Yes as I said above, it is a very common request from our members to have a single account manager at Oracle, but not just for licensing, and let's see if Mark Hurd’s investment addresses this.
4. Knowledgebase – Oracle needs to invest in a well-organized knowledgebase to educate its customers
LMS are reaching out to customers to help educate them and most of what they are saying is available online, but this is a longterm exercise and UKOUG will continue to work at speeding this up for our members.
5. Re-engineer risk – As more organisations mature in their governance processes, more will shy away from Oracle as an unnecessary burden to manage. Oracle needs to engineer its products and license programs to reduce unnecessary risk.

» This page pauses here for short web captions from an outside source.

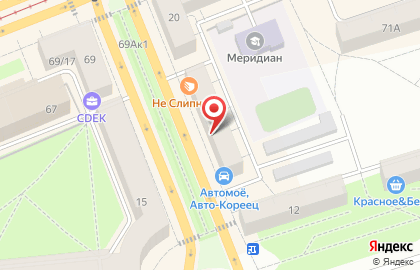 Текстильный дом Cleanelly в Екатеринбурге на карте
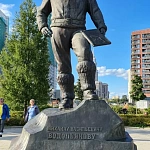 Памятник лётчику Михаилу Водопьянову - 7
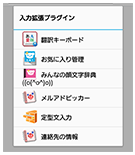List menu of input extension plugins compatible with Mushroom apps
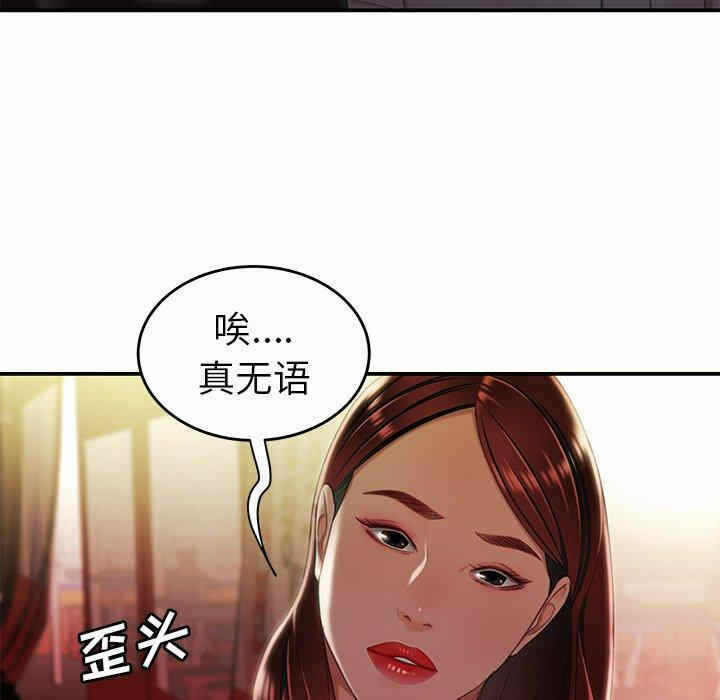 第43张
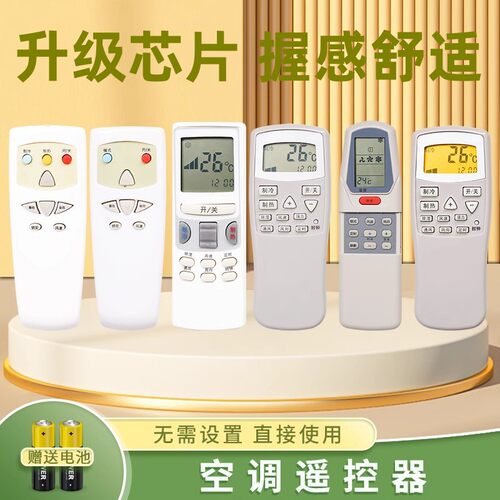 空调遥控器适用chunlan春兰通用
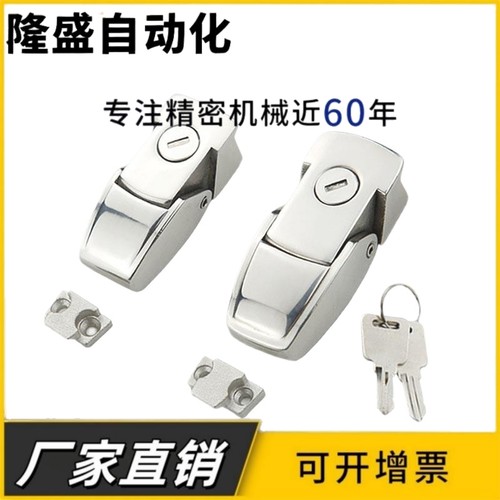 DKS-1/DK604 配电箱隐藏式机箱柜锁车尾箱小方锁304不锈钢搭扣锁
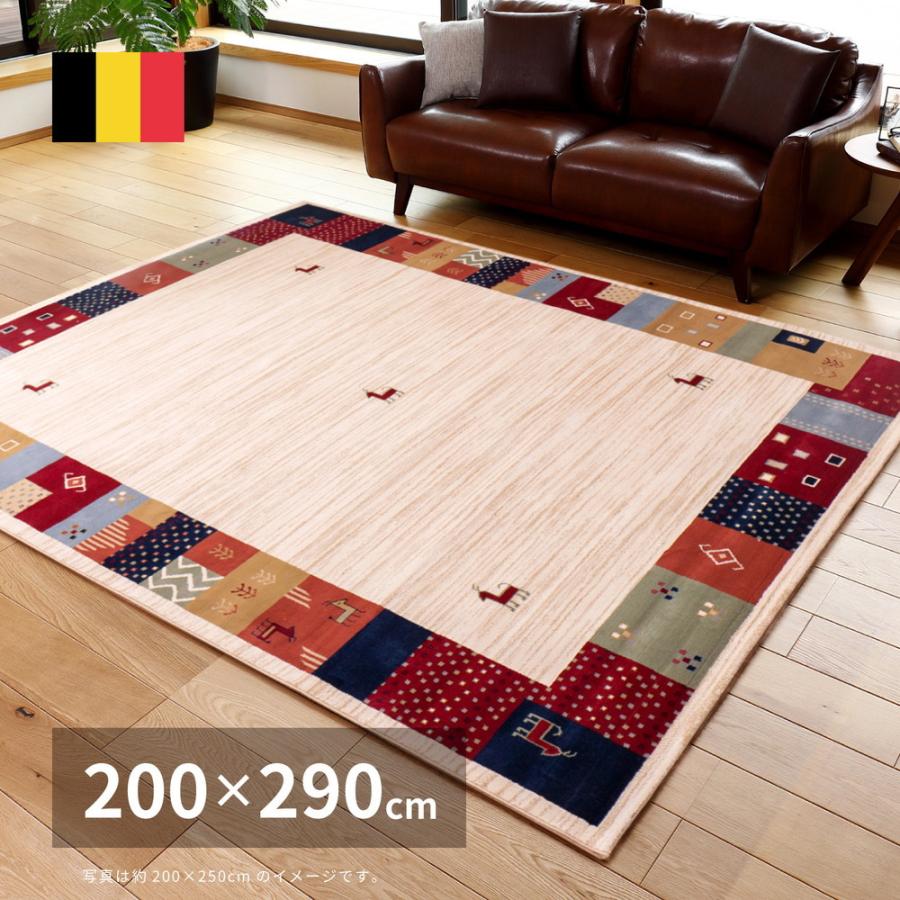 ウィルトンラグ タジック 約200×290cm 長方形 ギャッベ柄 パッチワーク エスニック アクセント ラグ カーペットセンターラグ ホットカーペット 床暖房OK |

The focus of control needs to be placed in the hands of the business not developers.
I agree licence asset management is a business not a developer role, but a mature customer is less likely to leave Oracle, they will determine their vendor on the overall value to their business.
6. Software Asset Management Evangelism – Oracle needs to help educate its customers to assign appropriate resource for managing software and proactively assist with licensing training and management practices around Oracle software.

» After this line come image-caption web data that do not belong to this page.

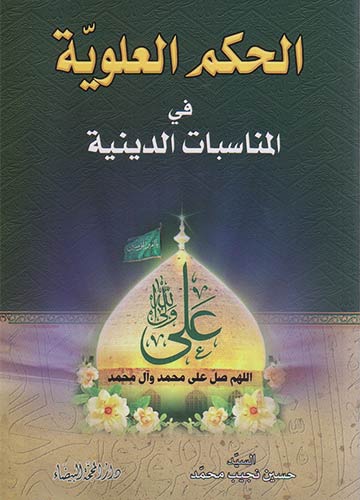 الحكم العلويّة في المناسبات الدينية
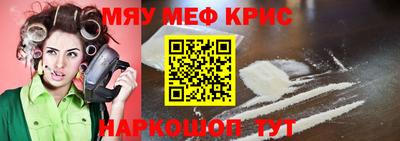 ГАЛЛЮЦИНОГЕННЫЕ ГРИБЫ Пыть-Ях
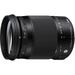 Sigma Used 18-300mm f/3.5-6.3 DC Macro HSM Contemporary Lens for Sony A 886205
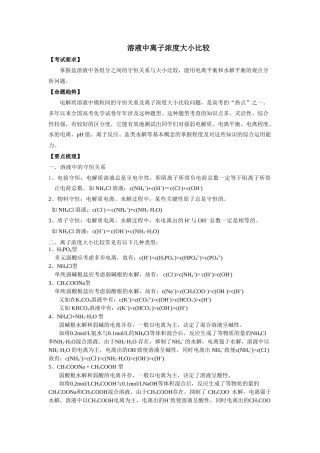 09届高三化学一轮复习教学案溶液中离子浓度大小比较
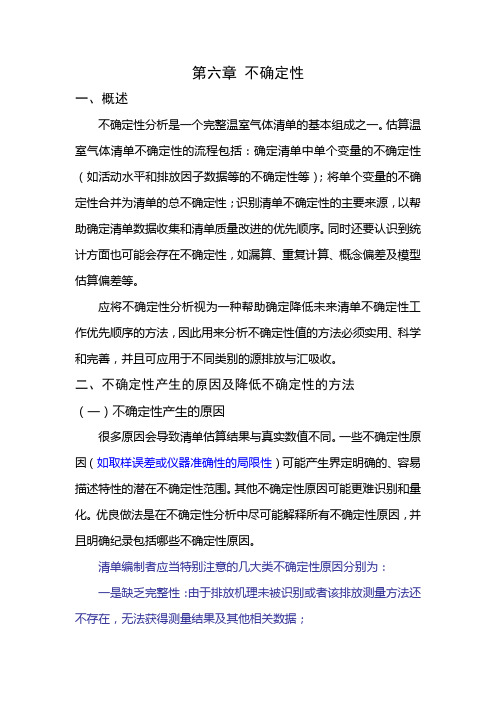 温室气体不确定性分析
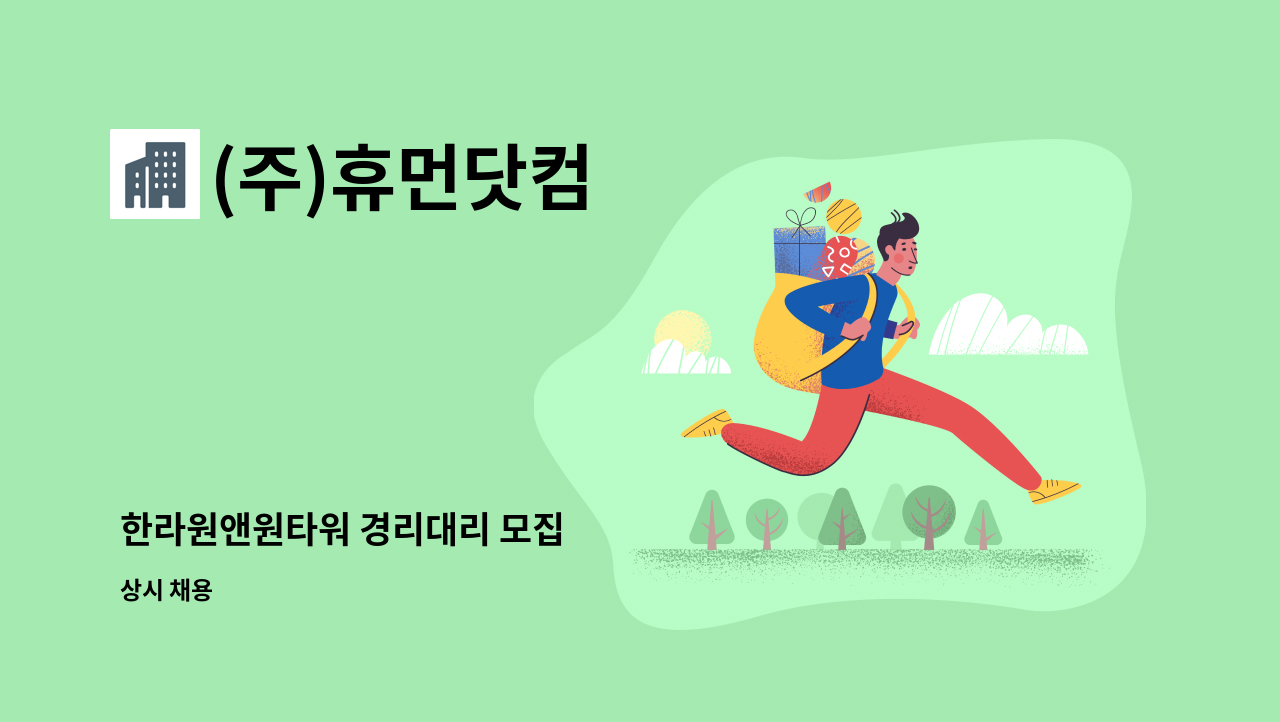 (주)휴먼닷컴 - 한라원앤원타워 경리대리 모집 : 채용 메인 사진 (더팀스 제공)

This is where UKOUG can continue our work with Oracle to ensure that their customers understand more about the audit process. Oracle have the right to audit a customer to ensure they are licensed correctly but the metrics are often returned wrong because of bad housekeeping by a customer, e.g. Not ending certain records correctly so count is higher than reality or the customer does not understand the actual metric, such as records they feel shouldn’t be counted but are legitimate. Education is needed to ensure asset management and audits are understood and a good representation of what is being used / paid for by customers.

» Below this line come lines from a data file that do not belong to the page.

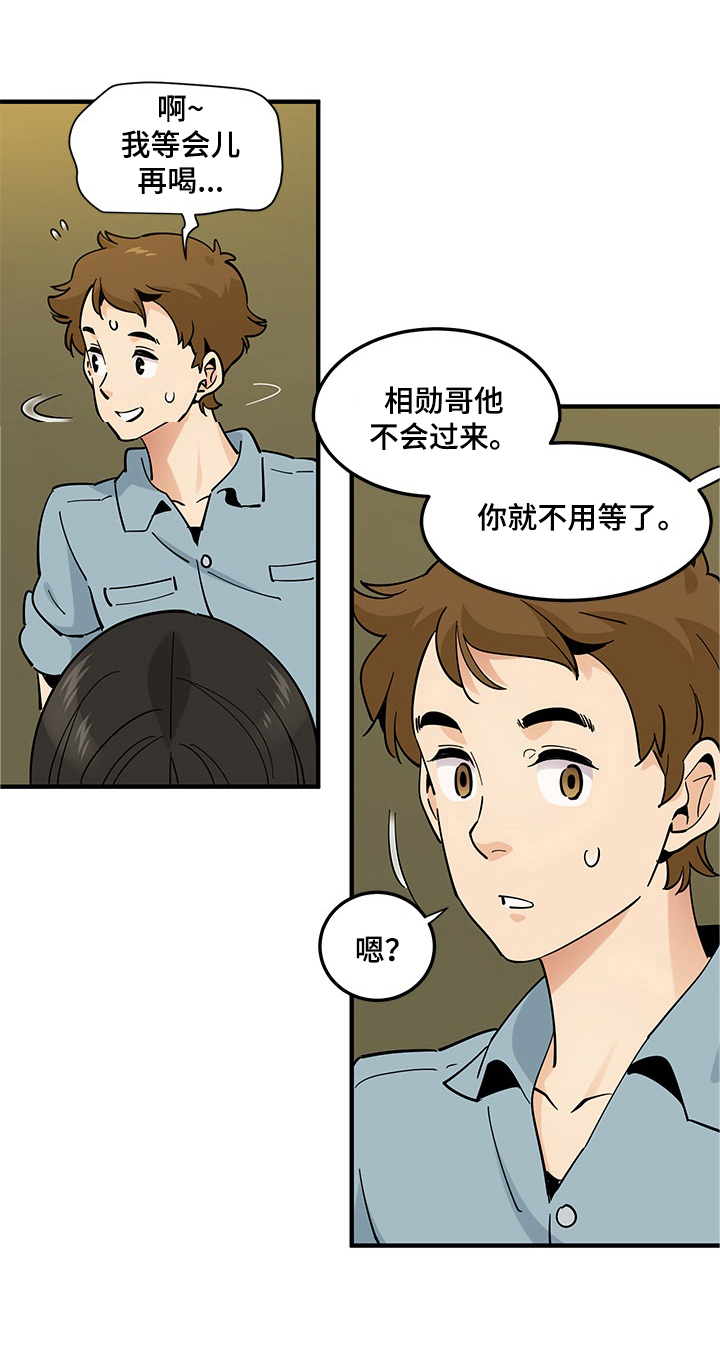 《工厂情缘》漫画最新章节第15章：想说的话免费下拉式在线观看章节第【3】张图片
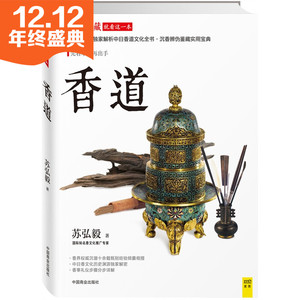 现货 潮流收藏:香道 苏弘毅\/著 全面介绍中国香
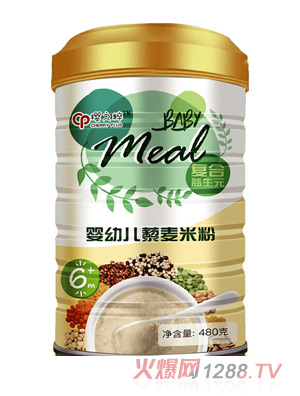 ��֮��yingye޼���׷� (t��ng)�b��(f��)������Ԫ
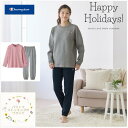 【送料無料】 秋冬 あたたかい 婦人 パジャマ グンゼ 綿混【婦人 長袖 長パンツ(M/L/LL) 】 ダイヤキルト 女性 女子 部屋着 寝間着 寝巻 ナイトウ...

We can encourage this education not just from Oracle but also by our members being open and sharing their experiences. In the past year we have had presentations from members and another blogged through their audit process; these stories help to dilute the myths.
7. Communicate – Oracle is not being invited to participate in key business conversations because of mistrust. Oracle needs to step up conversations and provide clarity to regain trust.
There is cautiousness rather than exclusion but again this is about account management and not specifically licensing. UKOUG facilitate sessions with our members and Oracle on all sorts of topics, which help in this area.
Licensing has risen over the last few years as a concern throughout the industry, and the existence of CCL is a direct result of that. In 2012 our members had questions, and by 2013 they asked at a roundtable discussion at our main conference for a specific initiative. This in turn led to the dedicated event last year, which we plan to follow up with a C level event this year.
We also know that customers who are user group members are happier customers, because they learn how to get more from their investment by sharing experiences with others. At UKOUG we are committed to this education and will continue to work really closely with LMS.
I have also read other commentaries today on the Open letter, CloudTech talk about Oracle being first in the firing line of OCL, and the other big boys needing to brace themselves, but they also talk about Oracle's positives mentioned in the letter.
The move to Cloud is great opportunity to ensure the clarity CCL promote and UKOUG have recently launched an independent forum, but with the full support of Oracle, for members adopting Cloud, to ensure their whole experience is understood. This includes forging links with Oracle Cloud Services.
Could Oracle do better? Yes, but they have made a great start. The need for clarity is not unique to Oracle, it is an industry concern but one Oracle has recognised. Oracle, as CCL tell us, were the first software vendor to meet with CCL, locally they introduced CCL to UKOUG; they did not hide.
UKOUG will continue to facilitate dialogue between Oracle and our members and continue to share our learnings with the wider Oracle User group Community until it is no longer a concern.